Balice:  ovvero quella tecnica di conservazione tipicamente messinese del pesantone, ovvero una piccola palamitam sotto sale. Questo nome per un ristorante, meta di gourmand siciliani consigliata anche dalla guida Michelin e dal Gambero Rosso, mi sembrava davvero curioso, fin quando ho avuto modo di parlare con lo chef Giacomo Caravello.

Balice indica la storia, quella di cui ci si appropria per rimanere in vita e proiettarsi al futuro; indica la gratitudine e il rispetto per la propria terra; indica la volontà di onorare i frutti della natura e la sacralità con cui si tratta il cibo. Balice simboleggia perfettamente l’idea di cucina che lo chef Caravello offre con cura ai suoi ospiti.

  • Lei dice che ogni piatto racconta una storia. Oltre quella collettiva, c’è anche una storia squisitamente personale.

Nel menu attuale, ovvero quello primaverile c’è un piatto che racconta sia la tradizione della mia terra, sia le suggestioni di un mio viaggio, ovvero i ravioli del plin alla ghiotta, esclusivamente al tovagliolo. I ravioli al plin sono un piatto di ispirazione piemontese che mi ha colpito particolarmente e ho pensato potesse essere un ottimo ‘stratagemma’ per fare mio un piatto della mia terra come il baccalà alla ghiotta. Sa ,quando ci si approccia alla tradizione bisogna essere rispettosi, attenti. Il baccalà alla ghiotta è un’istituzione a Milazzo e io non mi voglio macchiare di vilipendio; quindi, ho cercato di mantenere la sua bontà, ma facendolo mio. 

  • Ho letto attentamente il menu corrente di Balice e mi ha colpito che le uniche parole in siciliano che ha usato sono ‘atturrata’ e ‘astrattu’. Come mai?

Non mi piace molto utilizzare il dialetto siciliano nel menu per non cadere nello stereotipo e diventare una macchietta. Utilizzo il siciliano quando diventa l’unica lingua per esprimere un oggetto, un senso, un’identità. Io potrei dire mollica tostata, ma la mollica atturrata è una cosa così tipicamente siciliana, così connessa con la storia, così personale che per me è intraducibile. Idem con l’’astrattu’. Utilizzare il termine estratto o concentrato di pomodoro mi avrebbe ridato un’immagine da supermercato e avrebbe escluso tutta quella tradizione e la tecnica che implica la parola ‘astrattu’.

  • Ha aperto il ristorante poco prima del lockdown. Quel periodo professionalmente parlando, cosa ha cambiato?

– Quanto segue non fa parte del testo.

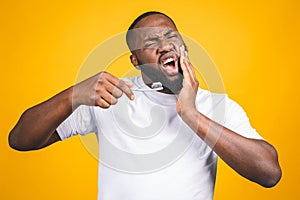 Man with tooth brush and toothache. Image of young shirtless African man holding a toothbrush with toothpaste and apple, while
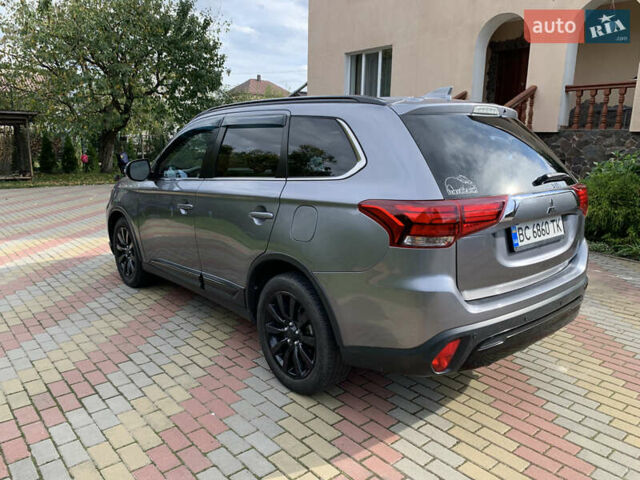 Сірий Міцубісі Аутлендер, об'ємом двигуна 2.38 л та пробігом 130 тис. км за 15000 $, фото 4 на Automoto.ua
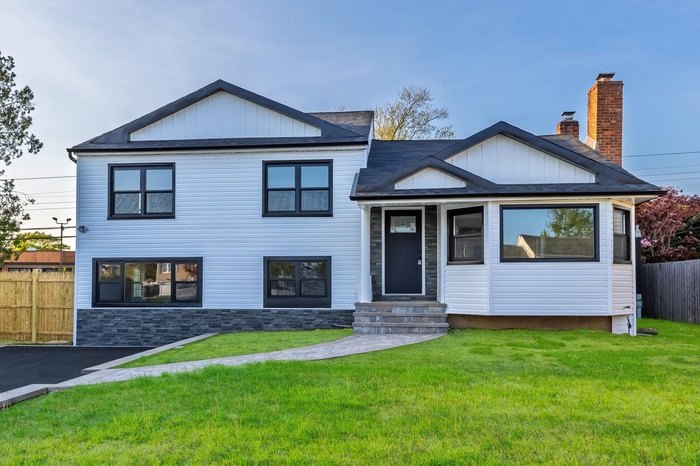View of front of house featuring board and batten siding and entry steps
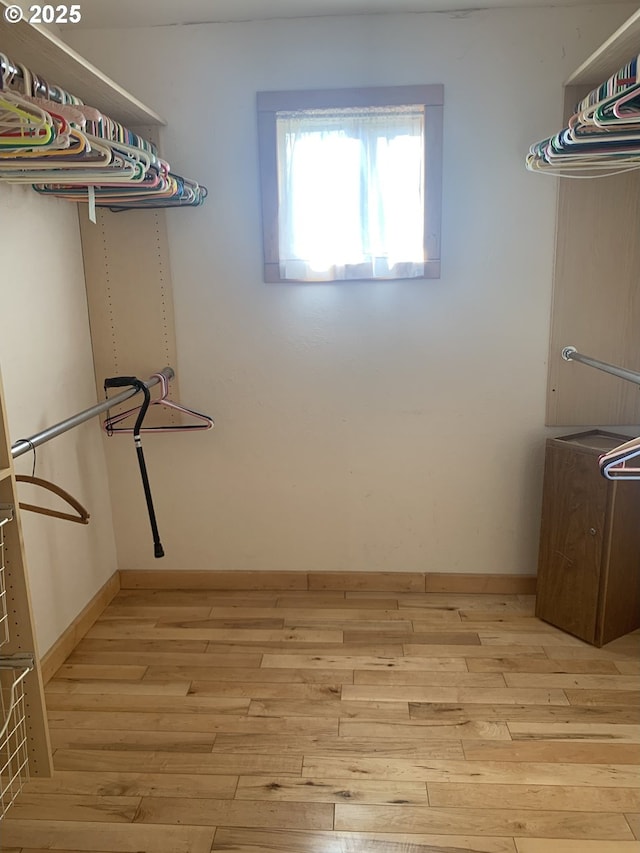 spacious closet featuring light hardwood / wood-style flooring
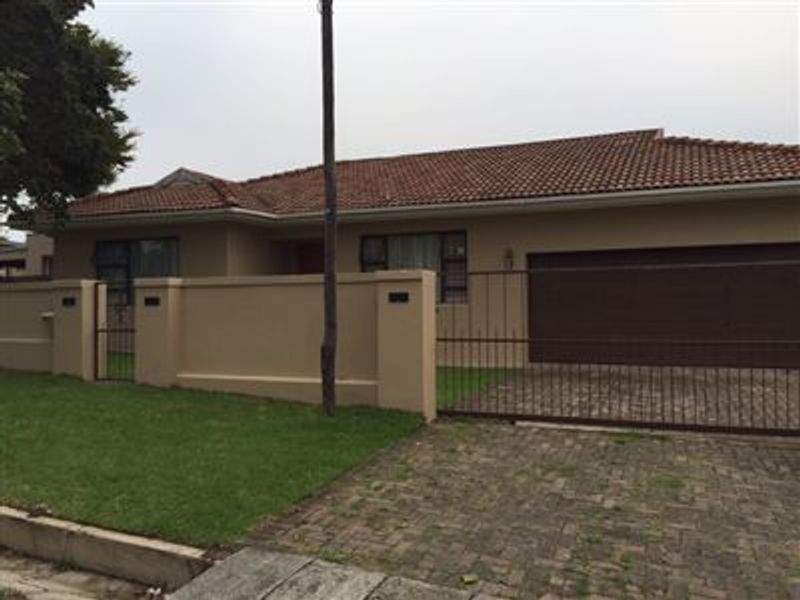 Front elevation of a single-story house featuring a tiled roof, paved driveway, secure metal gate, and a private boundary wall with a lawn.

Quel periodo mi ha dato modi di prendere coscienza da un punto di vista imprenditoriale. Mi sono trovato ad affrontare problemi in maniera preventiva. Poi ho avuto tanto tempo per me, per dell’introspezione che è servita sia come a ricerca dei piatti, che come indicazione del metodo imprenditoriale. Ho capito che voglio dedicare il giusto tempo, quantitativamente e qualitativamente, alla mia vita privata e quindi cerco di dare al mio locale dei ritmi ‘umani’.

  • Lei è, insieme al WWF, impegnato in un progetto pesca ‘sostenibile’. Di recente la notizia che sono riusciti a ricreare, oltre la carne, anche il pesce sintetico. Lo userebbe?

Non mi sono informato benissimo perché non ho avuto tempo e la vedo anche come un’eventualità molto lontana qui in Italia, dove queste pratiche sono illegali. Io miro alla sostenibilità della mia cucina, ma rimango molto fedele alle possibilità della natura. Penso che ad oggi risponderei che preferisco rinunciare a dei pesci, qualora il loro consumo sia problematico per la natura, piuttosto che usare prodotti sintetici.

Le forzature non mi piacciono e poi quando dico che la mia cucina vuole raccontare delle storie, mi piace raccontassero anche le storie dei produttori locali, storie che io ho modo di ascoltare e che per me sono fondamentali nella scelta degli ingredienti.